Structure-from-Motion using Dense CNN Features with Keypoint Relocalization
This work addresses the problem of accurate 3D reconstruction from images with severe appearance variations for computer vision applications, representing an incremental improvement by enhancing existing dense feature methods with relocalization.
The paper tackles the challenge of Structure from Motion (SfM) under extreme appearance changes by proposing a pipeline that uses dense CNN features with keypoint relocalization to achieve pixel-level accuracy, demonstrating on the Aachen Day-Night dataset that it outperforms the state-of-the-art SfM (COLMAP using RootSIFT) by a large margin.
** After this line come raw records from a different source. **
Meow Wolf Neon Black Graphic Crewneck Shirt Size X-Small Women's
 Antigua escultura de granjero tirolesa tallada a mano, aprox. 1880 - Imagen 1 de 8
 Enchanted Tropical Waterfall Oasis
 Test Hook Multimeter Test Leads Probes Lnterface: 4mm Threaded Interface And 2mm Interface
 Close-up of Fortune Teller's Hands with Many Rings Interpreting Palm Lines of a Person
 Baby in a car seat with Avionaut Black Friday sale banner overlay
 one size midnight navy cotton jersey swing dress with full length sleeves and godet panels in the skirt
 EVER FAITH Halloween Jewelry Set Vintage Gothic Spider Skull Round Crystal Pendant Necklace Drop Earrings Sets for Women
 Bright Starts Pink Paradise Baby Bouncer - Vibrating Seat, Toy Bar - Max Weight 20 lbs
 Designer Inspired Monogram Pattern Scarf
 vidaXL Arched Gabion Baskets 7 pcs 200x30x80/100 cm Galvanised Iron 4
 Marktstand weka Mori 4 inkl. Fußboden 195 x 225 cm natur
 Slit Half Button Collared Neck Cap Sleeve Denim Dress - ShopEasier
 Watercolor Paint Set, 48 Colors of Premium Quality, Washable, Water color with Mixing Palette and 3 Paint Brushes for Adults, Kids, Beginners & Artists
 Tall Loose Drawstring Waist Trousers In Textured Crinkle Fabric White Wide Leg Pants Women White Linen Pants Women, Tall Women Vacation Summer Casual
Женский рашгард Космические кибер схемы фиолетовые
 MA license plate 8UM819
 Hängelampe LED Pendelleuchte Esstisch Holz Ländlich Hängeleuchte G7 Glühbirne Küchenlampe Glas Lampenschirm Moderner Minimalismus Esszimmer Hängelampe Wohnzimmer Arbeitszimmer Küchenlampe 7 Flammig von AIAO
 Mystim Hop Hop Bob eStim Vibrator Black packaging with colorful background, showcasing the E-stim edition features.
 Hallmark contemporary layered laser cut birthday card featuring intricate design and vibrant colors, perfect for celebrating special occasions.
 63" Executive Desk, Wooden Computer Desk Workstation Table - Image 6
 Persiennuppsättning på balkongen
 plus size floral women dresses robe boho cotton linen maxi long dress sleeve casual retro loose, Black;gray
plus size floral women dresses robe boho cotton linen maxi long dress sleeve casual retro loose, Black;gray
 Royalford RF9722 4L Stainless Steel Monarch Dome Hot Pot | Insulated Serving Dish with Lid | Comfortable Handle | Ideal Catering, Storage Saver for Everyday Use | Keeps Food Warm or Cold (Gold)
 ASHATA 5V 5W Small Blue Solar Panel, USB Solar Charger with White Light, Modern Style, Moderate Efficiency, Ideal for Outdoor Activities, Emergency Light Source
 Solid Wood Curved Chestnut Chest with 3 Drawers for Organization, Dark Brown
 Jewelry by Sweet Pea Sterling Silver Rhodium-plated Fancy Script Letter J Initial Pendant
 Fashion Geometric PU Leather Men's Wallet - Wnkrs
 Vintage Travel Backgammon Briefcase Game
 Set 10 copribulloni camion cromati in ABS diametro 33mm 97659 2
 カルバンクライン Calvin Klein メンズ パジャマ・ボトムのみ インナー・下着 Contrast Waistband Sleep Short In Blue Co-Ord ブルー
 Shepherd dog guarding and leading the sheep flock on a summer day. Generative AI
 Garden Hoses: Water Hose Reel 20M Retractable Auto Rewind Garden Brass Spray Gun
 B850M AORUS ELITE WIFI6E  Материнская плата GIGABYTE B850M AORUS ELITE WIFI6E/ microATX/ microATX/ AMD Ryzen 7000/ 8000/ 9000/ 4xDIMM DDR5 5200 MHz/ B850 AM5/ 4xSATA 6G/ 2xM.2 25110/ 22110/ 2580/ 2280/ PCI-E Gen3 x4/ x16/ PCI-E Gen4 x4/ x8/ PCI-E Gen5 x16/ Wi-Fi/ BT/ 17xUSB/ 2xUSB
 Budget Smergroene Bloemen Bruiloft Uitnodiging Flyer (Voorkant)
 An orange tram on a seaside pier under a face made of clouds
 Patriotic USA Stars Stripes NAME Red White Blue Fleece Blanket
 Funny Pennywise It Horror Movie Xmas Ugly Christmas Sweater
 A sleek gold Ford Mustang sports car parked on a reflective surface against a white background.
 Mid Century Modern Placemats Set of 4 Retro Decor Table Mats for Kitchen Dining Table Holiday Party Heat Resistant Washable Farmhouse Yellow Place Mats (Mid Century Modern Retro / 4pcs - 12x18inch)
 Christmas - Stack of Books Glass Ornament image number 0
Structure from Motion (SfM) using imagery that involves extreme appearance changes is yet a challenging task due to a loss of feature repeatability. Using feature correspondences obtained by matching densely extracted convolutional neural network (CNN) features significantly improves the SfM reconstruction capability. However, the reconstruction accuracy is limited by the spatial resolution of the extracted CNN features which is not even pixel-level accuracy in the existing approach. Providing dense feature matches with precise keypoint positions is not trivial because of memory limitation and computational burden of dense features. To achieve accurate SfM reconstruction with highly repeatable dense features, we propose an SfM pipeline that uses dense CNN features with relocalization of keypoint position that can efficiently and accurately provide pixel-level feature correspondences. Then, we demonstrate on the Aachen Day-Night dataset that the proposed SfM using dense CNN features with the keypoint relocalization outperforms a state-of-the-art SfM (COLMAP using RootSIFT) by a large margin.